Lately I have been working my way around the sprawled furl of moss and crabgrass that is our lawn, where it intersects with and overlaps the mysteriously vast expanses of slurred and broken concrete aprons and purposeless cement curbs that measure our property’s internal geometry. The tools I use as I ruthlessly demarcate, again, the boundary between the organic and the architectural are a square-end spade and a half-moon edger, the geometer’s straight edge and half circle, Apollo’s rule and Diana’s curve.

Reclaiming the formerly fringed and fronded concrete is hard work, and leaves me sore and winded each evening before I clamber up the steps to the kitchen to cook dinner. It’s the only exercise I have been getting since moving out past the end of the sidewalk.

The mats of mossy grass and grassy moss I dismember are generous in scope, in some cases nearly a foot wide and a couple of yards long. Some of the trimmed flash is nearly pure moss, and has the soft, light texture of human hair. Loth to simply chuck the trimmed turf, I have been laying it atop areas of the lawn previously denuded due to shade and root competition, expecting to prune the overhangs shortly.

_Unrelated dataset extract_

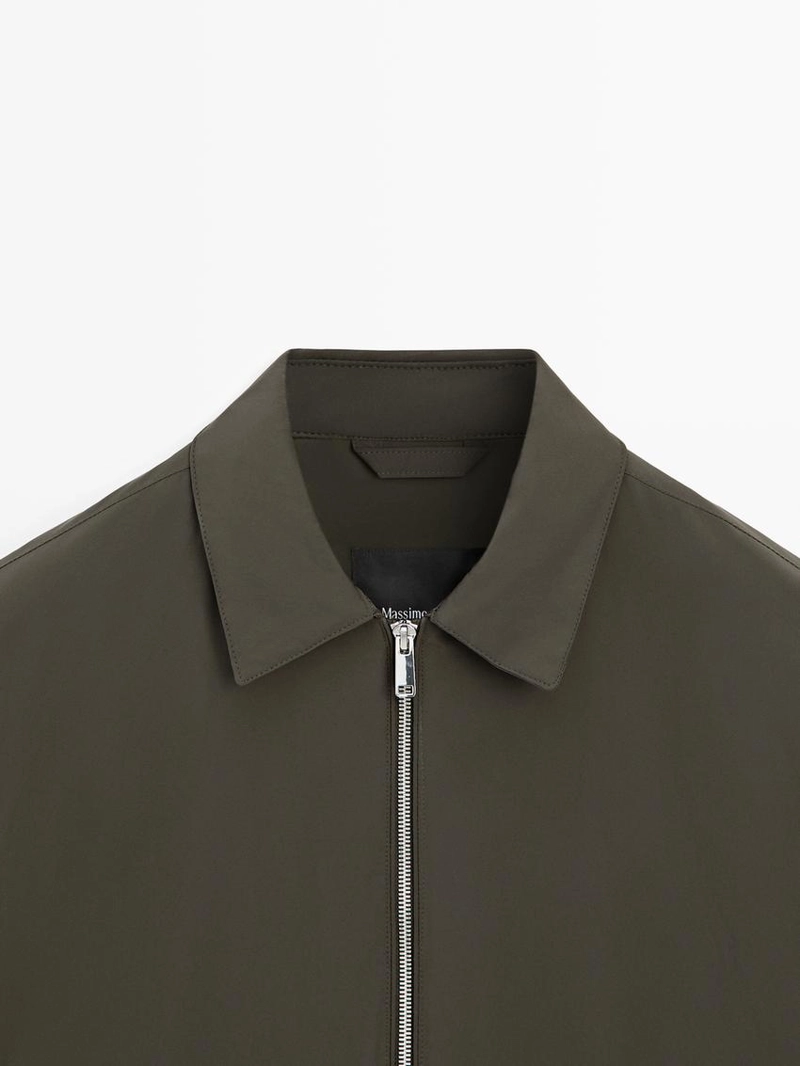 Короткий пиджак с деталями кармана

As I step, hard, onto the lip of the edger, feeling the satisfying ‘chunk’ of the blade as it scrapes along the edges of this concrete coffer or that cracked pavement, I muse and curse. I don’t believe the work I’m performing is moral. I believe it’s an expression of the spirit of evil in the world, of territoriality and division and inorganic order over biological diversity and lushness. I’m the executioner. I’m the enforcer. I’m wasting my time and at the same time committing sins against my nature and that of the world.

I’m probably going to need some pretty decent pruning shears when I get to the bushes and the trees.